Grade – C+
Hotness Level – Blaze
Kink Level – None
Genre – Contemporary
Series – Kowalski Family #6
Reviewed by Anne
The Kowalski books are some of my all time
favorites. They are a family I love to
hang out with. This book is my least favorite of the series, though. I’ve been thinking about
why that is, and I think it was very realistic (relationships are complicated and messy) and therefore had less escapism than I like. Let me
give you the set up.
Josh is the youngest in the Kowalski family, and he
got left running the family lodge when all of his siblings left town and found
other careers and adventures. He’s
always wanted to get out and travel and have a chance to do something else, even if he doesn’t have
a certain something in mind.
Katie is his best friend and is nearly family, as
her mother helped raise the Kowalski kids.
They’ve known each other forever, and she’s loved Josh as long as she
can remember. She doesn’t let him know
about this, as she’s afraid she’ll lose him as a friend.

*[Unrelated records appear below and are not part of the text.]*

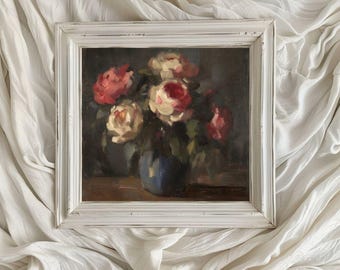 Stimmungsvolles quadratisches Blumenkunstwerk / zeitlose Rosen-Ölgemälde / druckbare digitale Kunst / klassische Blume / romantische Stilllebenkunst / Sanfte Töne / VA127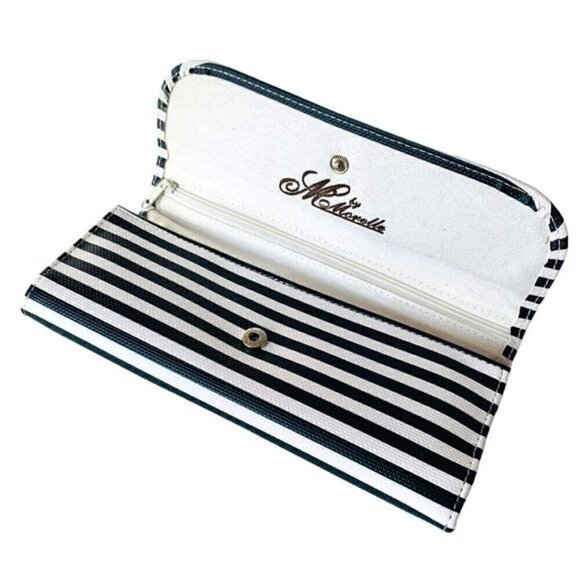 NEW MORELLE & CO CLASSIC LUCY JEWELRY ROLL CASE DARK BLUE & WHITE STRIPED - Picture 3 of 8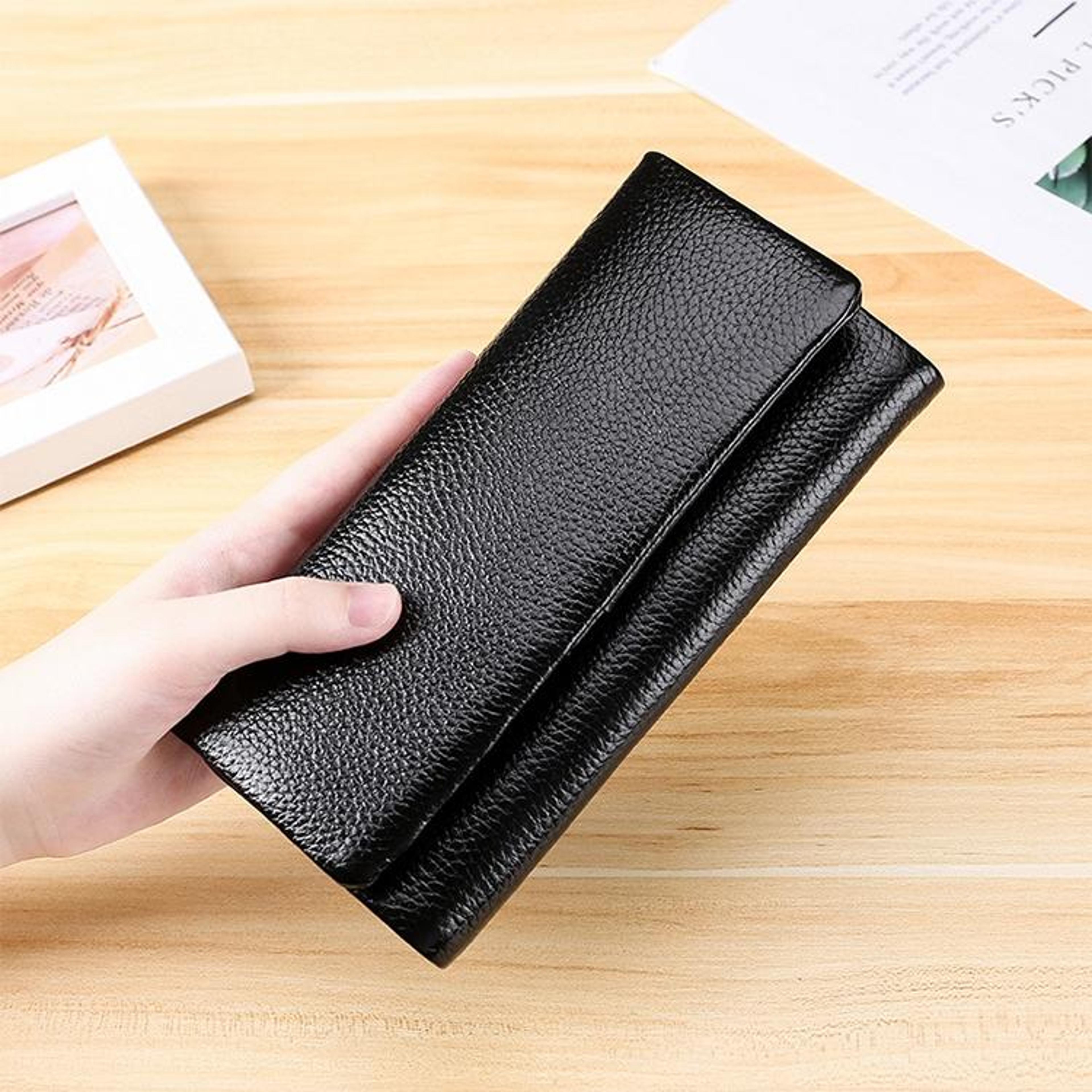 large capacity leather wallet for women litchi texture long card holder wallet purse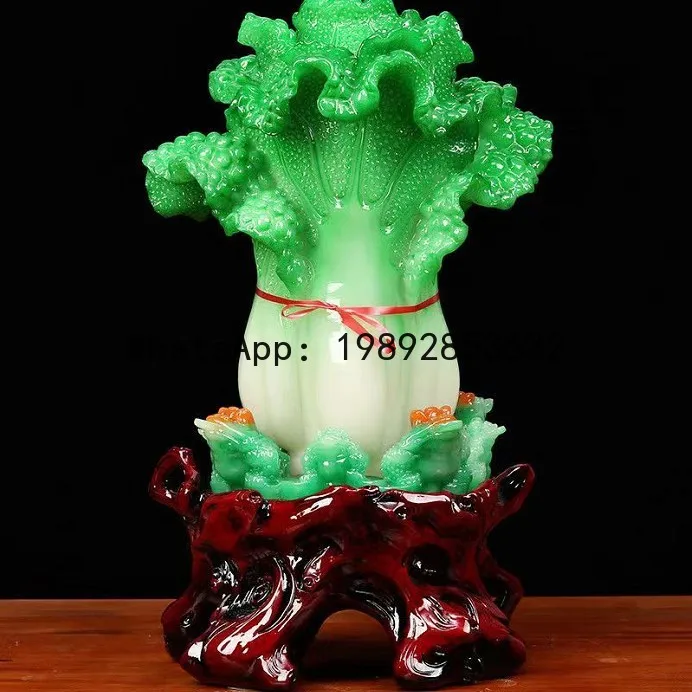 ZF Wealth from All Directions Jade Cabbage Fortune Ornament - High-end Resin Prosperity Craft - Gift for Business Opening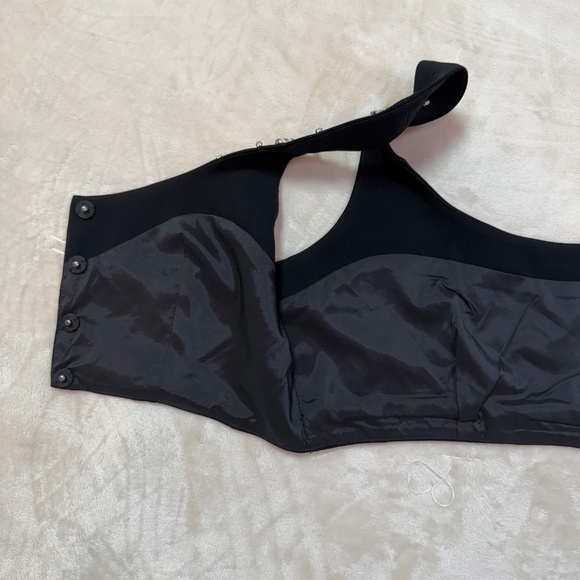 Black Matte Polyester & Satin Bralette Top w/ Rhinestone Diamond Pattern - Picture 6 of 14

This story takes place during a period of time
where the Kowalski family has finally realized that Josh may not want to run
the lodge and needs a chance to get out of town. At the same time, he’s finally seeing Katie
as a woman, not just his best friend. But
getting out of town and being with Katie long term seem unlikely to happen
together, because she’s firmly rooted in their small town with no desire to
leave. So what will happen?
I’ll tell you what will happen. I will come to dislike Josh because getting
out of town is his primary concern. He
doesn’t hide this. Katie always knows
it. So it overshadows their whole
relationship. And it leaves me wishing
she would dump him because he’s unable to conceive of a way to be with her and
to travel.
Don’t get me wrong, I was very sympathetic to
Josh. Shannon Stacey did a really good
job in writing him. I understood he wasn’t
just being an asshole, that he really needed a chance to spread his wings
outside their small town. He sacrificed
his own desires to keep the family business and tradition going for a long time. He didn’t hate the business, but he hated that he
never had a choice about leaving.
However, I think Ms. Stacey did such a good job writing his character
that the resolution for the story left me with some doubts about how it would
all work out. I was screaming in my head
(and in my reader notes) for compromise while I read, and I felt like I never
got it.
The book does have plenty of Kowalski funny
moments, and I never wanted to stop reading,
I think it was just a little painfully real to me.